─── AVAILABLE RECORDS
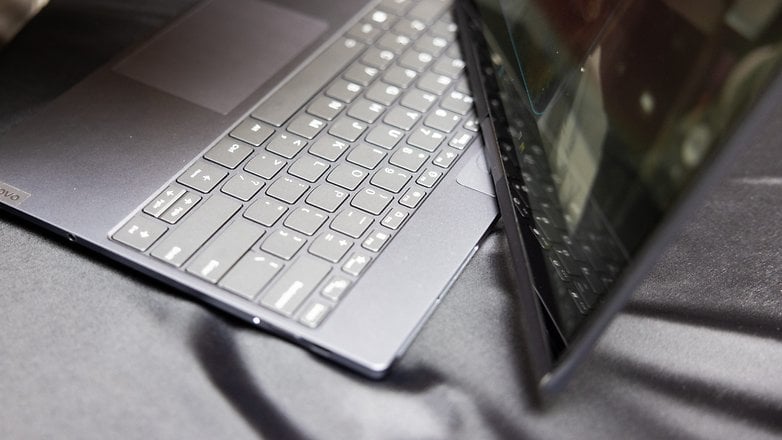 L'écran du Lenovo Twist vue de près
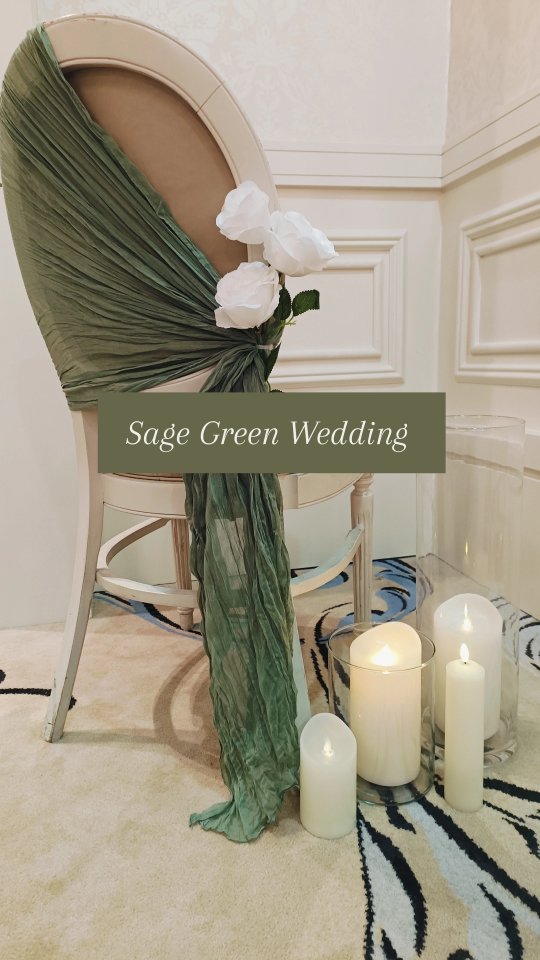 One of my favourite colour schemes...
What's not to love about this classic colour trend. Steadily growing in popularity over the last few years. And still a firm favourite...
Simple colour schemes can still have a dramatic impact.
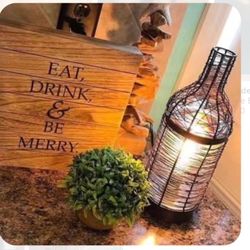 Scentsy vino warmer 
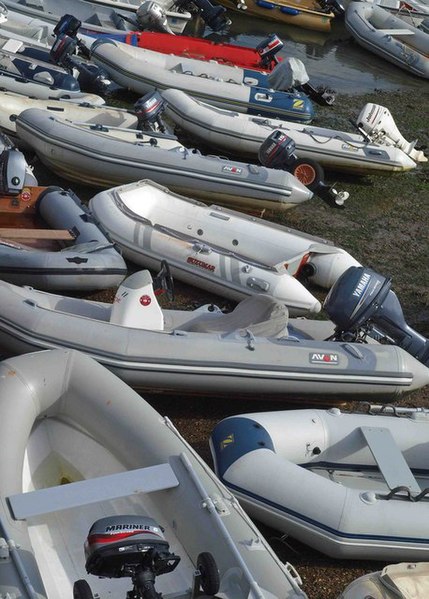 File:A cluster of yacht tenders at Salcombe - geograph.org.uk - 1507367.jpg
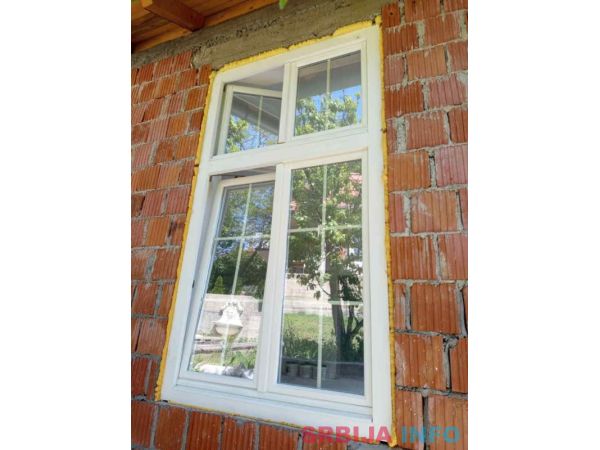 Na prodaju krugli prozor I kvalitetni drveni 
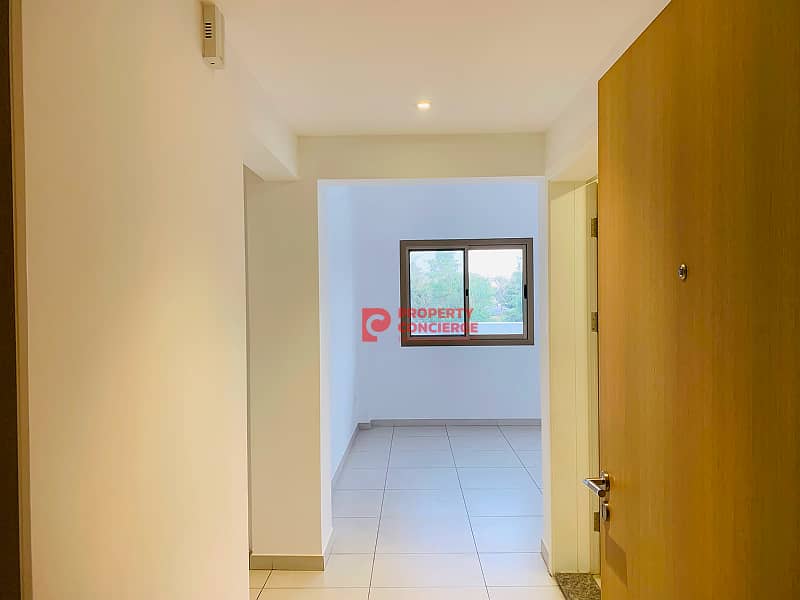 Квартира в Гарденс，Здание Гарденс 94, 2 cпальни, 110000 AED - 12303929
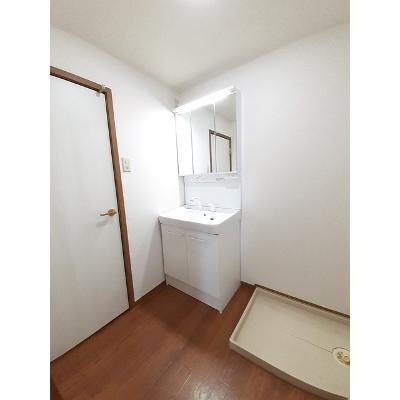 グランベリ－Ａ 102【管理NO：1-010983901-01020】 ★家具家電は申し込み後に搬入します 2026年08月上旬入居可能の物件画像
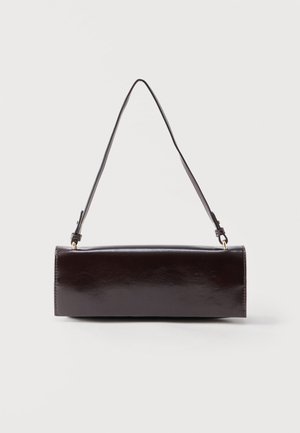 Pravokotna črna usnjena torbica z eno dolgo naramnico in sijočim zaključkom, prikazana na enostavni beli podlagi.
──────
*WHAT THE TASK REQUIRES*:
From the line with "File:A cluster of" down to the last line of the records above, restate each line verbatim, passing over any picture.

*RESPONSE TO THE TASK*:
 File:A cluster of yacht tenders at Salcombe - geograph.org.uk - 1507367.jpg
 Na prodaju krugli prozor I kvalitetni drveni 
 Квартира в Гарденс，Здание Гарденс 94, 2 cпальни, 110000 AED - 12303929
 グランベリ－Ａ 102【管理NO：1-010983901-01020】 ★家具家電は申し込み後に搬入します 2026年08月上旬入居可能の物件画像
 Pravokotna črna usnjena torbica z eno dolgo naramnico in sijočim zaključkom, prikazana na enostavni beli podlagi.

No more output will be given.